= Lone Guides =

Guides movement members who are isolated

Lone Guides or Lones are Girl Guides and Girl Scouts who do not attend group meetings for a variety of reasons. They are organised into groups that keep in touch, for example, by letter or email. Members carry out their organisation's normal programme on their own as much as they are able. The first official Lone Guides started in 1912 in the UK. Many countries have Lone Guides.

==Lone Guiding by country and organisation==
===Australia – Guides Australia===

"Lone Guides" communicate monthly through magazines put together by dedicated Leaders, with contributions and letters from the girls.

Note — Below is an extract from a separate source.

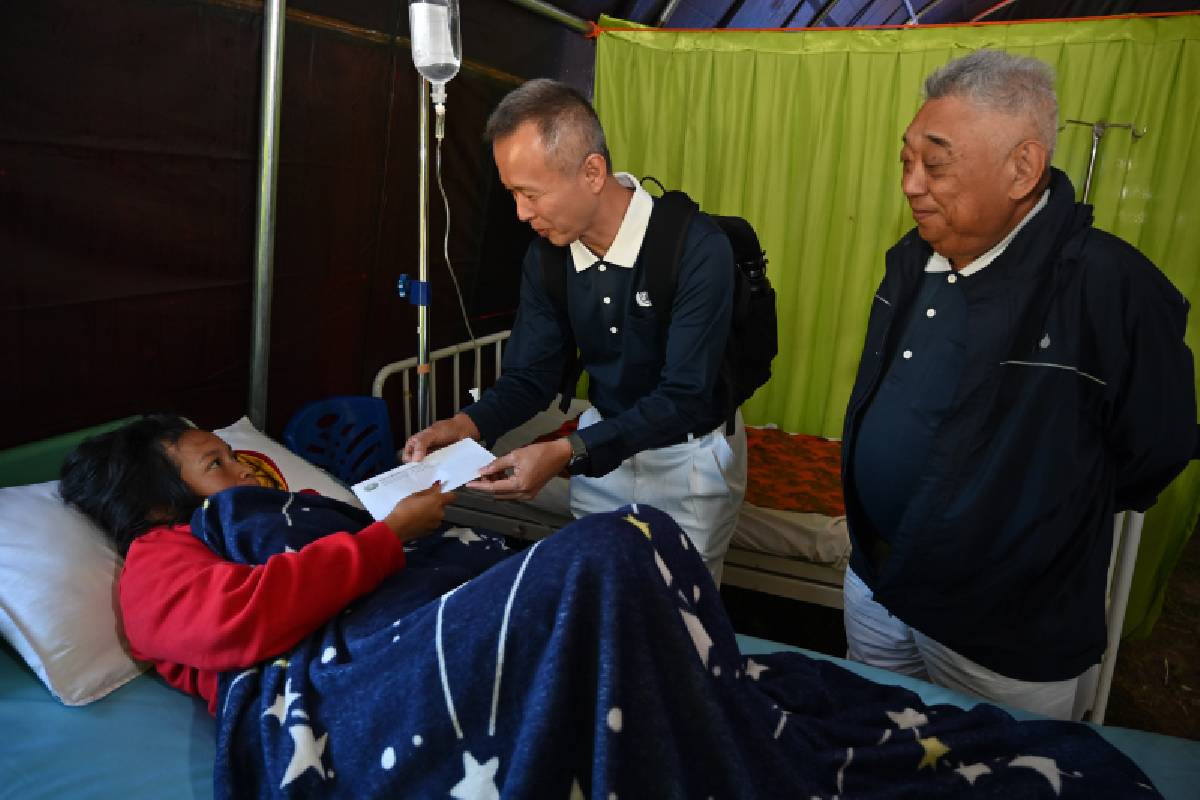 Merangkul Harapan di Tengah Gempa NTT, Tzu Chi Hadir Membawa Bantuan dan Kepedulian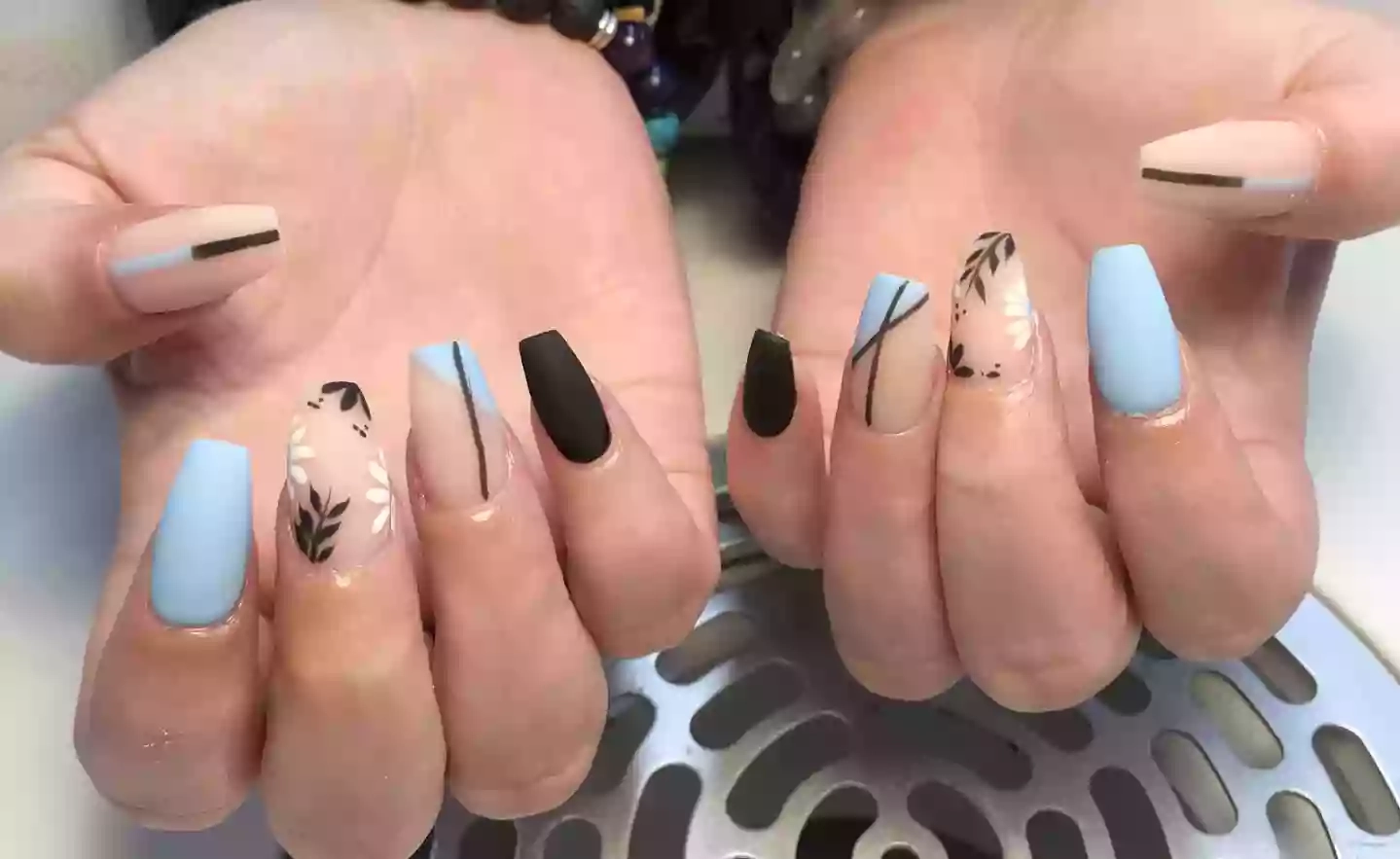 Evie's Nails Bar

Lones of the Air talk to Guiders and other Guides on radios.

Lone Satellite Guides use a computer satellite link to keep in contact.

===Canada – Girl Guides of Canada Guides du Canada===

Lone Guides are recorded as early as 1916 in Canada.
Lone Brownies, Guides, Pathfinders and Rangers exist in most provinces.

In 1930 in Nova Scotia, the province's first Lone company was formed.

Helen Kidd, a Lone Guide from Nova Scotia received the Commonwealth Prize in 1955.

===New Zealand – GirlGuiding New Zealand===

In New Zealand, there is a project to offer Guiding over the internet for girls between 5 and 18.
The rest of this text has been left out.